Elektra (2005)

Nice job covering up where the stab wound's supposed to be.
Nice job covering up where the stab wound’s supposed to be, guys.

At least one of you has already called me out for seeming to lavish all my attention on the masculine side of superhero film. Thank you, you’re right, and I mean no disrespect to all the super-powered ladies who’ve done so much to enhance my life, and the lives of most Good Nerds, throughout the years. The long, lonely years…Honestly, it’s just that their films suck. Off the top of my head, I can think of exactly one kinda-sorta-good superhero film that focused around a female protagonist. And trust me: you’ve never heard of it. If you can guess what I’m thinking of, I’ll mail you a cookie.

That can’t be it though, right? There’s got to be another one out there somewhere. And since March is National Women’s History Month in the United States, I’ve got all the excuse I need to get in touch with superherodom’s feminine side.
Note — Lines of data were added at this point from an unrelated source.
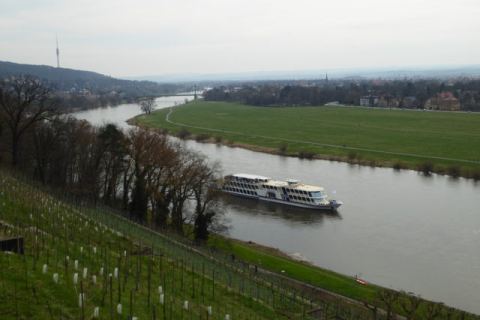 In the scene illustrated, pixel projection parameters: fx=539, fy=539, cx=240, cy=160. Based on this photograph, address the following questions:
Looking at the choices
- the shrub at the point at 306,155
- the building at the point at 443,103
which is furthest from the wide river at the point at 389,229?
the building at the point at 443,103

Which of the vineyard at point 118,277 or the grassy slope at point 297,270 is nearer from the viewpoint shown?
the vineyard at point 118,277

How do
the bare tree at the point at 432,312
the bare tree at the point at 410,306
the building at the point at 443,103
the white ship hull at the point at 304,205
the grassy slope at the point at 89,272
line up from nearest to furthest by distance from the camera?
1. the grassy slope at the point at 89,272
2. the bare tree at the point at 432,312
3. the bare tree at the point at 410,306
4. the white ship hull at the point at 304,205
5. the building at the point at 443,103

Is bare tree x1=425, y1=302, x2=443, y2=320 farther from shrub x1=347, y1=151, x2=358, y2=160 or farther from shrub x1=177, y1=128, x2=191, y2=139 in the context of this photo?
Result: shrub x1=177, y1=128, x2=191, y2=139

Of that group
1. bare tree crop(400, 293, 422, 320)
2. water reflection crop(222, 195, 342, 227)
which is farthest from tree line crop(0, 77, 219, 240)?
bare tree crop(400, 293, 422, 320)

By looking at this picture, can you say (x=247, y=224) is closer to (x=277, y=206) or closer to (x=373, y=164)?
(x=277, y=206)

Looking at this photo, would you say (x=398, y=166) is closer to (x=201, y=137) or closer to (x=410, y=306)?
(x=201, y=137)

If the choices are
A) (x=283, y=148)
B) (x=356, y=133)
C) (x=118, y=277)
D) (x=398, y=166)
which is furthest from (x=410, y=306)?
(x=356, y=133)

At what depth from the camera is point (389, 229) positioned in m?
37.8

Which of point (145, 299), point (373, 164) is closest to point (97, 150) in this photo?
point (145, 299)

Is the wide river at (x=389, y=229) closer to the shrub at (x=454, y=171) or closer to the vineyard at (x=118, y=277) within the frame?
the shrub at (x=454, y=171)

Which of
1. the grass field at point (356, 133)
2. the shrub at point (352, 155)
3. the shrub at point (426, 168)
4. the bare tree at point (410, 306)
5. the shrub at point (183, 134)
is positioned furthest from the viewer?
the shrub at point (183, 134)

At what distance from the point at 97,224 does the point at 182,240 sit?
653cm

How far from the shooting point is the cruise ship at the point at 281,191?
45094 mm

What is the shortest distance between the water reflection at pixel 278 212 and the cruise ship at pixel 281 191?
0.49m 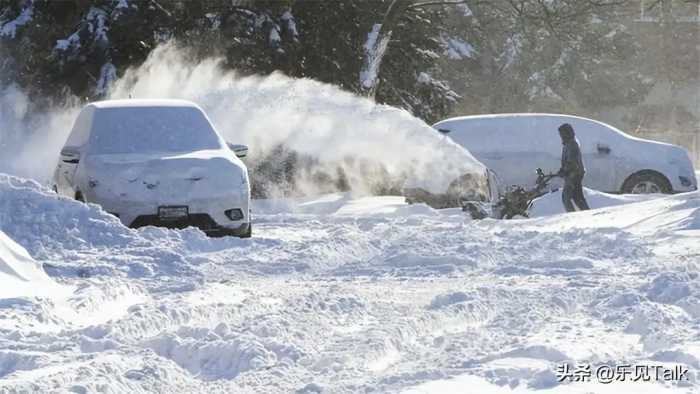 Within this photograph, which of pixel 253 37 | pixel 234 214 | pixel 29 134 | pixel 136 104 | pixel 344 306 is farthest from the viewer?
pixel 29 134

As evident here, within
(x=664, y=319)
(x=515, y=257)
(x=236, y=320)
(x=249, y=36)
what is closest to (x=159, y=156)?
(x=515, y=257)

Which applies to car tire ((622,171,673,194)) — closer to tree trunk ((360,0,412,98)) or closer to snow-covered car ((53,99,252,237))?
snow-covered car ((53,99,252,237))

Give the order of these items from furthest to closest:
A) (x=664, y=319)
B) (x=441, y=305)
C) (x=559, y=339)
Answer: (x=441, y=305), (x=664, y=319), (x=559, y=339)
Now that we’ve got Catwoman out of the way it’s time to consider a film my correspondent mentioned by name, the first superhero film of 2005. Like it’s big brother Daredevil, Elektra‘s gained quite the reputation as a Bad Movie…which sounds inexplicable if you ignored the film in theaters and read descriptions of it in the course of doing research for a review. Mystical ninjas? That guy who played Shang Tsung in Mortal Kombat? A costume that, thanks to significant Adaption Decay, has actually become easier for sexy cosplayers to pull off? Why was this movie such a flop? What’s it done to engender such hatred?

Seems to me you lived your life like an international super-assassin babe...
Seems to me you lived your life like an international super-assassin babe…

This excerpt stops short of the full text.